_WHAT THIS TASK INVOLVES_: When the records are reproduced, each one must match exactly, and no picture may be kept.

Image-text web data
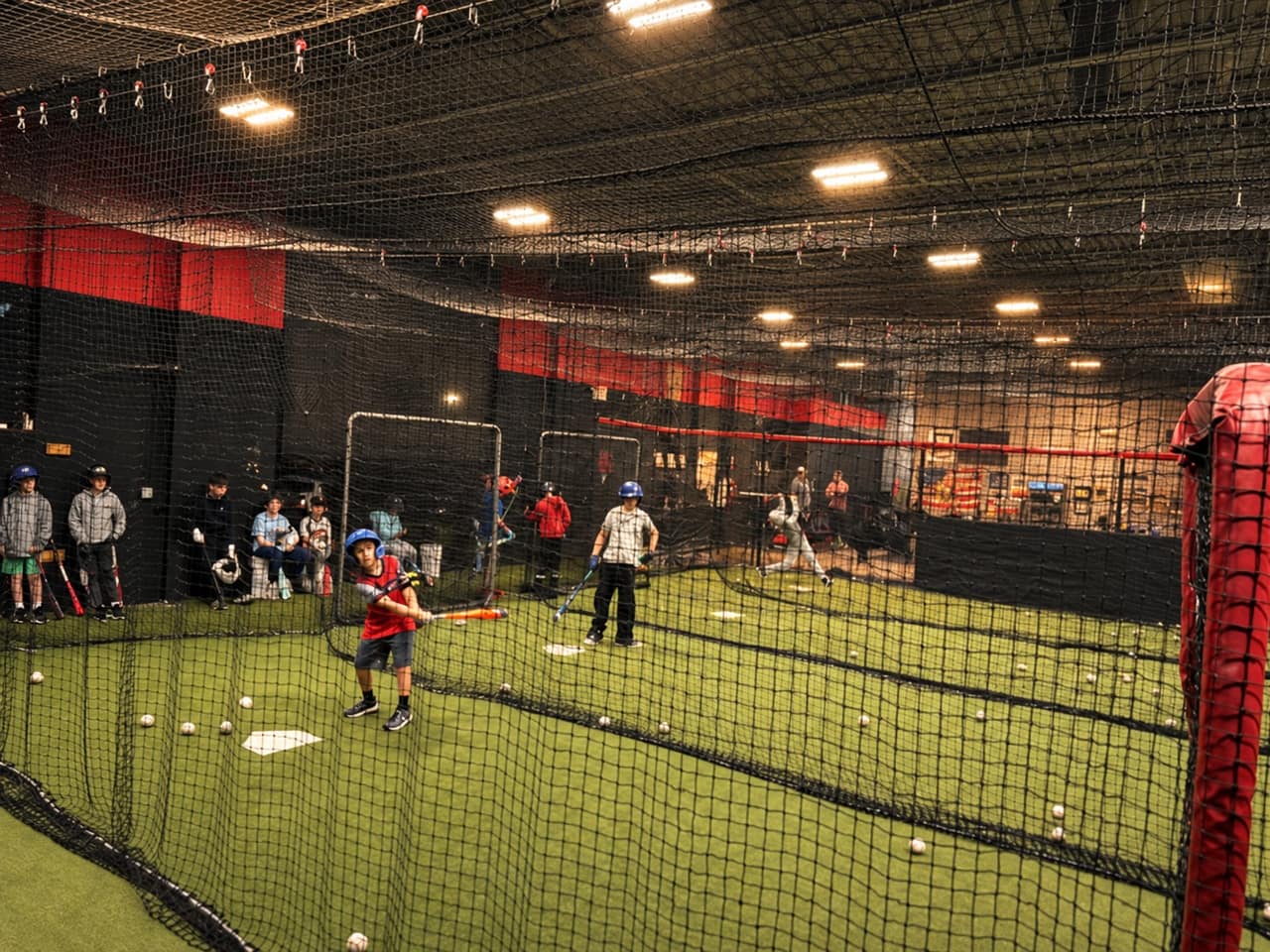 A hitter mid swing in a long cage, players waiting their turn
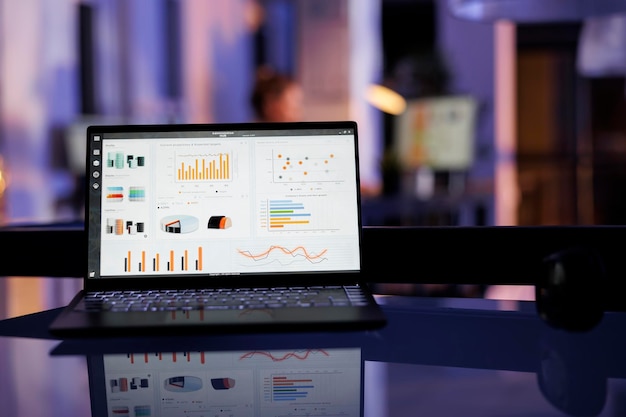 Computador portátil com estatísticas de marketing de pé na mesa de escritório no escritório de inicialização, em fundo empresário trabalhando horas extras no relatório de crescimento financeiro, digitando a estratégia da empresa. Conceito de negócio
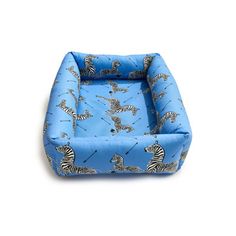 a small blue dog bed with zebras on it's sides and one in the middle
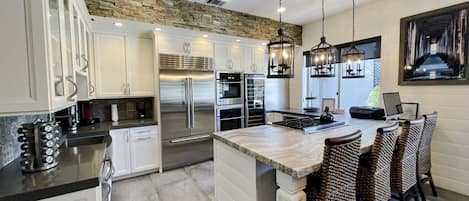 Chefs Kitchen with Wolf & KitchenAid Appliances! Open to Dining & living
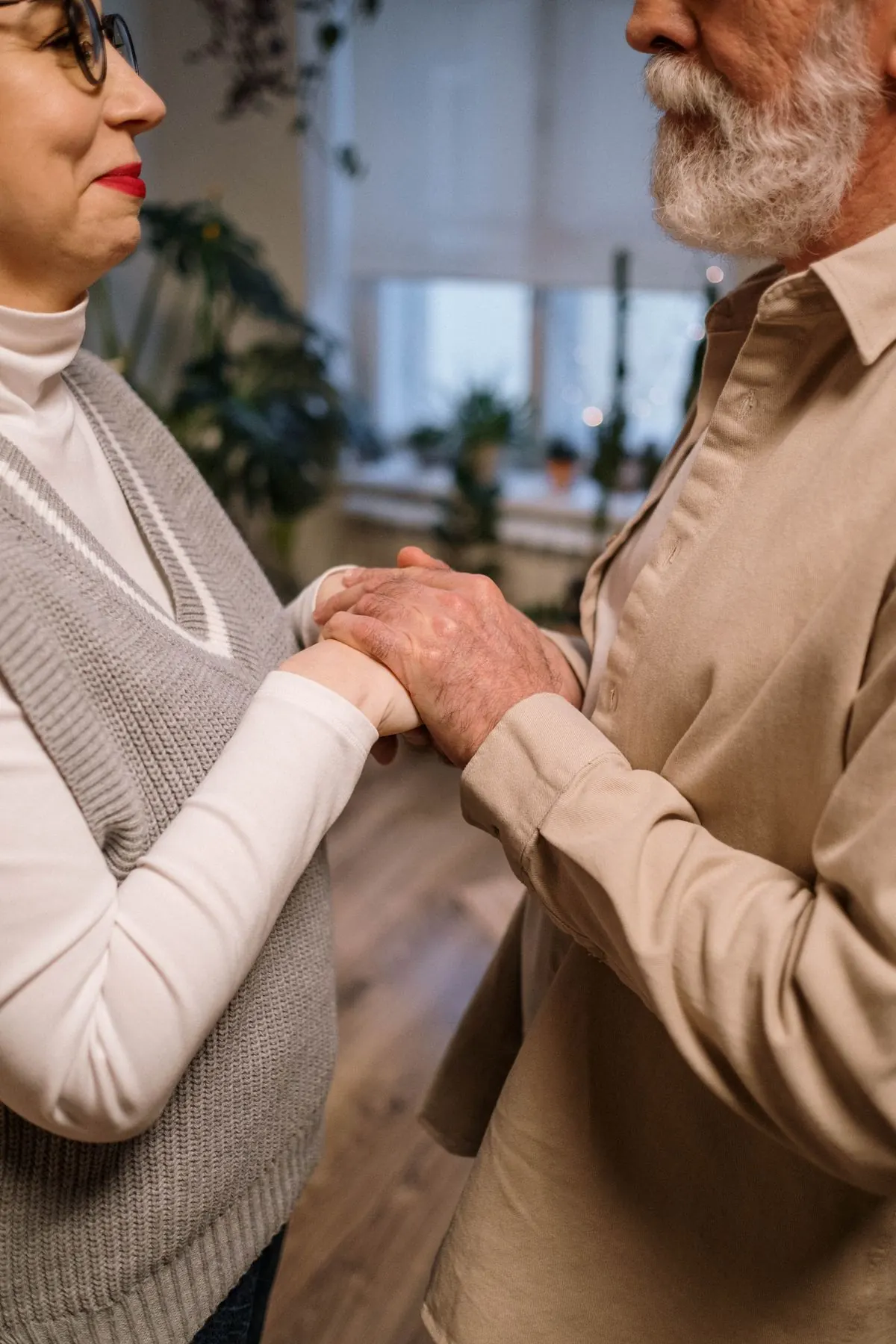 An older couple faces one another and holds hands in their living room.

_EXERCISE SOLUTION_:
 A hitter mid swing in a long cage, players waiting their turn
 Computador portátil com estatísticas de marketing de pé na mesa de escritório no escritório de inicialização, em fundo empresário trabalhando horas extras no relatório de crescimento financeiro, digitando a estratégia da empresa. Conceito de negócio
 a small blue dog bed with zebras on it's sides and one in the middle
 Chefs Kitchen with Wolf & KitchenAid Appliances! Open to Dining & living
 An older couple faces one another and holds hands in their living room.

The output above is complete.